Multi-purpose arena in southeast Virginia

Hampton Coliseum is a multi-purpose arena in Hampton, Virginia. Construction began on May 24, 1968. The venue held its first event on December 1, 1969, with the nearby College of William & Mary playing North Carolina State University in a college men's basketball game. On January 31, 1970, the Coliseum formally opened as the first large multi-purpose arena in the Hampton Roads region and the state of Virginia (opening a year before the Norfolk Scope in Norfolk.)

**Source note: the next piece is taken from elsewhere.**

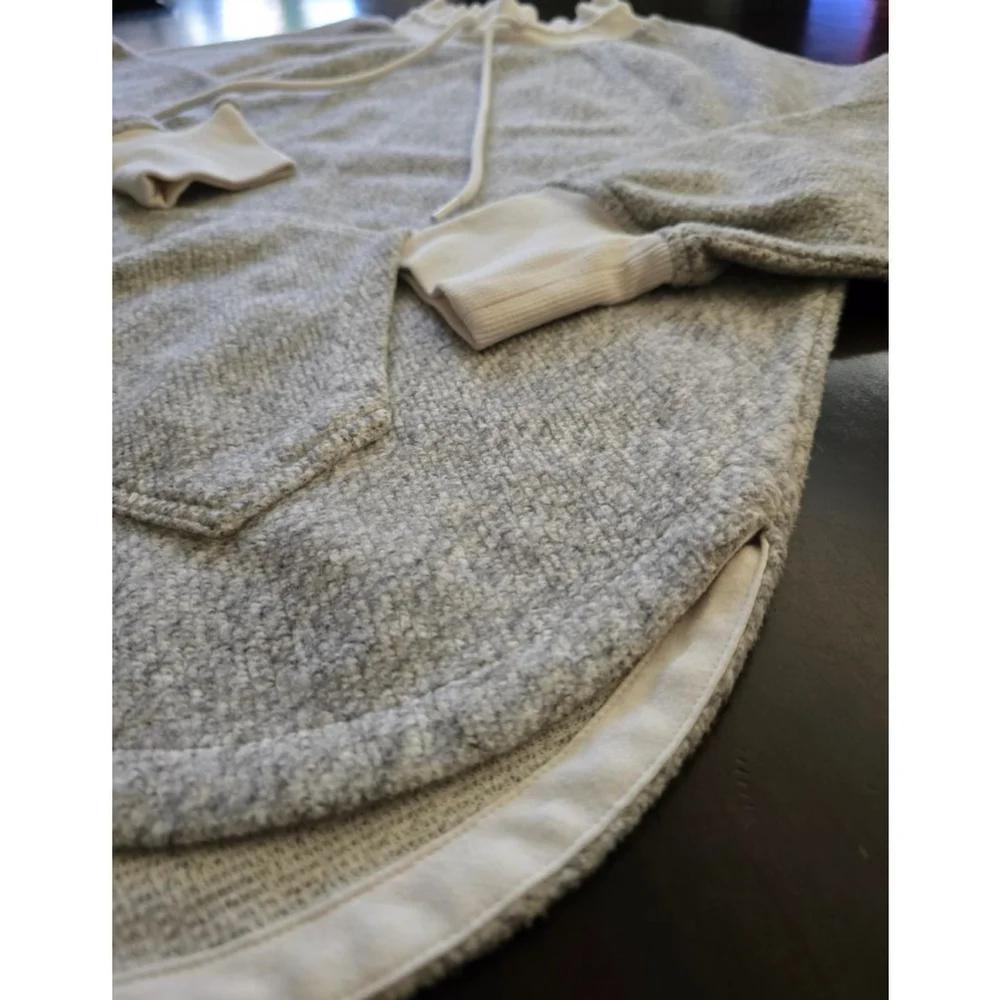 Oversized Women's NWOT Lou & Grey Gray & White Sweatshirt Hoodie XS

With a final estimated cost between $8.5 million to $9 million, the arena was designed by Odell Associates and constructed by McDevitt and Street, of Charlotte, North Carolina. The venue capacity is configurable from 9,800 to 13,800 seats. Fans of the Grateful Dead and Phish have nicknamed the building The Mothership, a term coined by The Virginian-Pilot reporter John Colt in a 1981 Grateful Dead concert review.

==Sport==

The arena at night in 2007

Hampton Coliseum was one of several former homes of the American Basketball Association Virginia Squires professional basketball franchise. The coliseum was also home to the Virginia Wings in the American Hockey League and Hampton Gulls in the Southern Hockey League and the Hampton Aces of the North Eastern Hockey League and Eastern Hockey League.

The coliseum hosted the Division I men's college basketball ECAC South Region tournament, organized by the Eastern College Athletic Conference (ECAC), in 1980 and 1981. The 1985 Sun Belt Conference Men's Basketball Tournament and the 1987, 1988, and 1989 Colonial Athletic Association Men's Basketball Tournaments were held in the coliseum. The Old Dominion Monarchs basketball team played occasional games in the coliseum from 1970 to 1995, usually one game a year, although twice the team played several games in the coliseum, in the 1979–80 and 1984–85 seasons. The Hampton Coliseum is the home of the Virginia Duals annual wrestling tournament, hosting invitational college and high school matches.

The National Wrestling Alliance, WCW, WWE and other wrestling promotions have run shows at the Coliseum since the 1980s.

The coliseum is most notable for the return of (in storyline kayfabe) WWE superstar CM Punk in July, 2011.

== Music ==
The Grateful Dead performed 21 concerts at Hampton Coliseum between 1979 and 1992, including two shows in 1989 under the billing of The Warlocks - the band's name before they changed it to the Grateful Dead. Unofficial tapes of these two shows proved extremely popular amongst Deadheads and the shows were later commercially released as Formerly the Warlocks. Garcia returned to the Coliseum with the Jerry Garcia Band for single shows in 1991 and 1993.

Elvis Presley performed 2 shows at the Coliseum in April 1972, another show in March 1974, and another 2 shows in August 1976. All shows were sold out. Performances from Presley's show on April 9, 1972, featured heavily in the 1972 Golden Globe winning documentary, Elvis on Tour, with Presley donning a powder blue jumpsuit.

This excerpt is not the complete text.